Certain uses are less dependent on exact details – fantasic scenery or cityscapes for example:

Certain art styles that deliberately downplay details can also limit the images accidentally looking frightening:

So here are some ways to have AI art benefit your game:
- Create fantasic or surreal landscapes, planets or alternate dimensions
- Generate Lovecraftian monsters or mutants
- Create thematic (but not literal) depictions of NPCs and locations
- Use AI to provide a model and then draw a more perfect version yourself
- Generate an AI image and than tokenize it for a tabletop – when doing this you can zoom in on a portion of the image that came out well for the token.
- Play AI Mad libs where each player provides a different word to make a surreal prompt
- Use the AI to generate a Deck of Many Things.

Under a Hostile Sun
I am working on a game called Under a Hostile Sun.
Acid in the atmosphre. Magma beneath your feet. And in the alien sky, the oppresive heat of a hostile sun. This is a game about space travel – but not glamorous space travel like Star Trek. Planetary travel that is more like the horrors the first explorers faced when they were alone at sea in a storm or in a new land under famine.
Making it all the worse is that the political atmosphre is somehow even more acidic than the atmosphere.

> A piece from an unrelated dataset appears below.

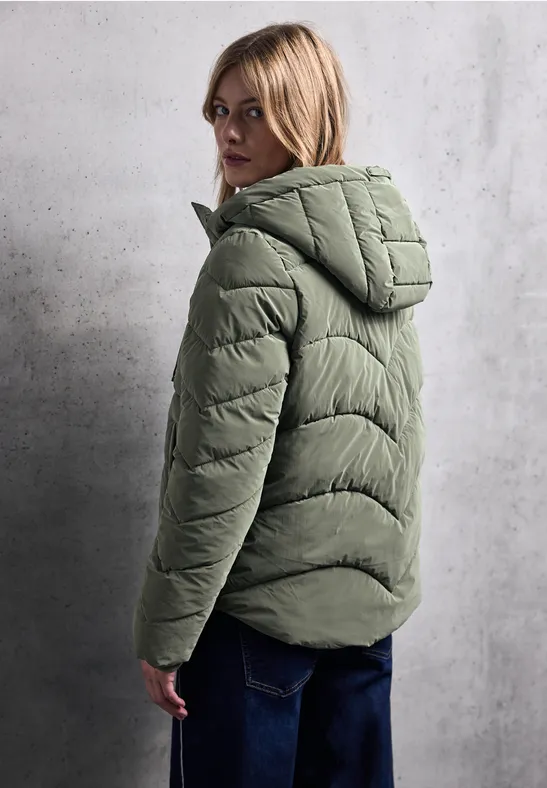 Jacke mit Wellen-Steppung Lichen Green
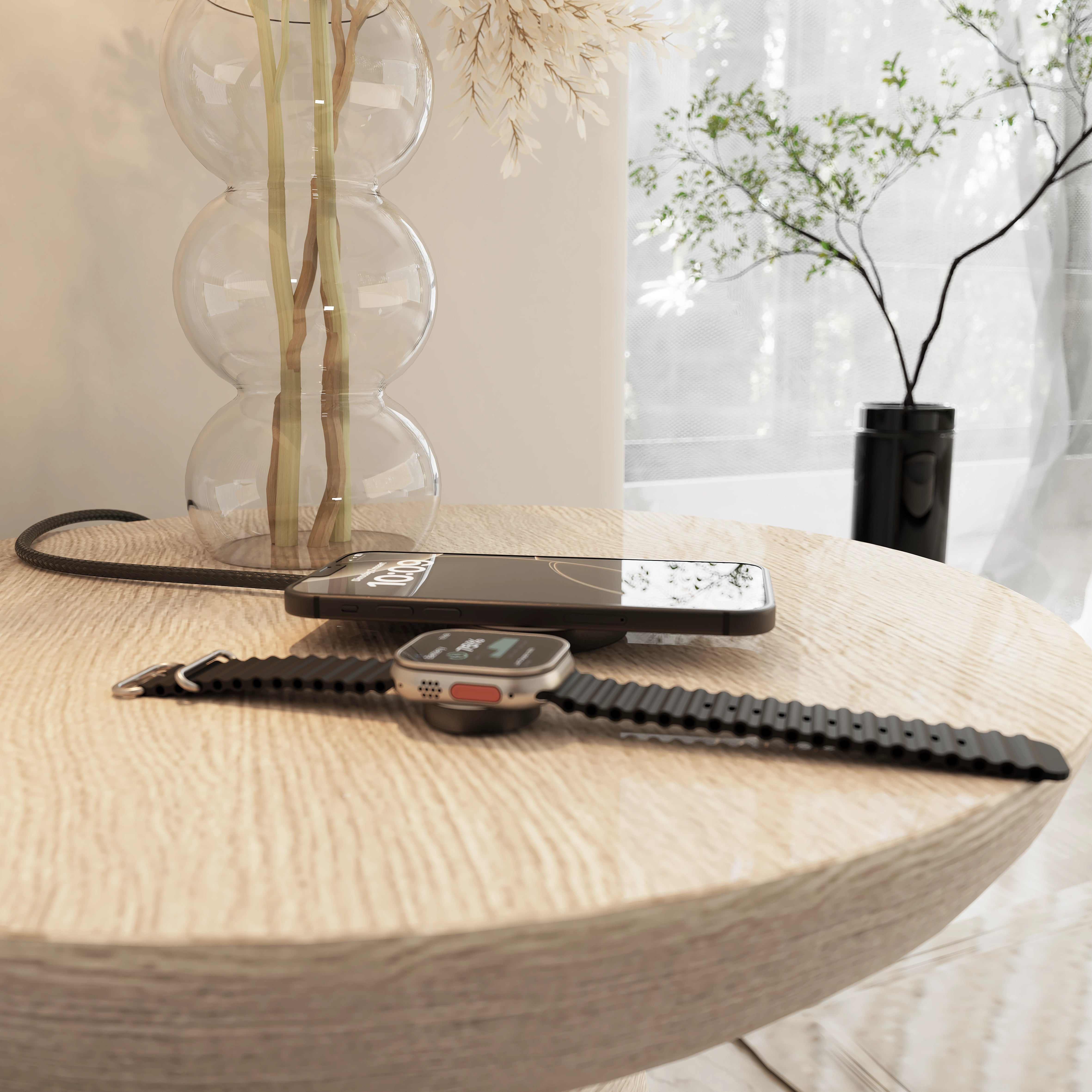 ZENS Charging Cable USB C + Magsafe + Watch Pro Black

Is the planet getting worse due to natural causes? Or is something sinister afoot?
You will face long odds. The void of space was not meant for Man. These planets are not “Mother” like Earth – you are under a Hostile Sun.
Under a Hostile Sun
The goals for this game are:
- Create a rules-light RPG that still forces players to make meaningful choices
- To feature an intense, brutal and life-threatening premise that is not combat-based
- Honor the contributions of real past explorers
- Feature Risk vs Reward as a key component to scenarios
- Have a currency system to gamify resource management and allow for bartering, bribing and potion making
- Have adorable aliens creaturs to tame and befriend
- Allow for both high-dice throwing and minimal dice throwing game play in a single session
- Create a non-s-xua1ized game
- Contain compelling (not demonizing or comical) depictions of traditional religion and life (RPGs seem to leave faith out of their alleged desire for diversity)
I will be using this site to make a digital-version of the rules for playtesting before writing the Core Rulebook which I hope to be about 100 pages.
Let me know what you think!
And one last image:

St. Michael, pray for us.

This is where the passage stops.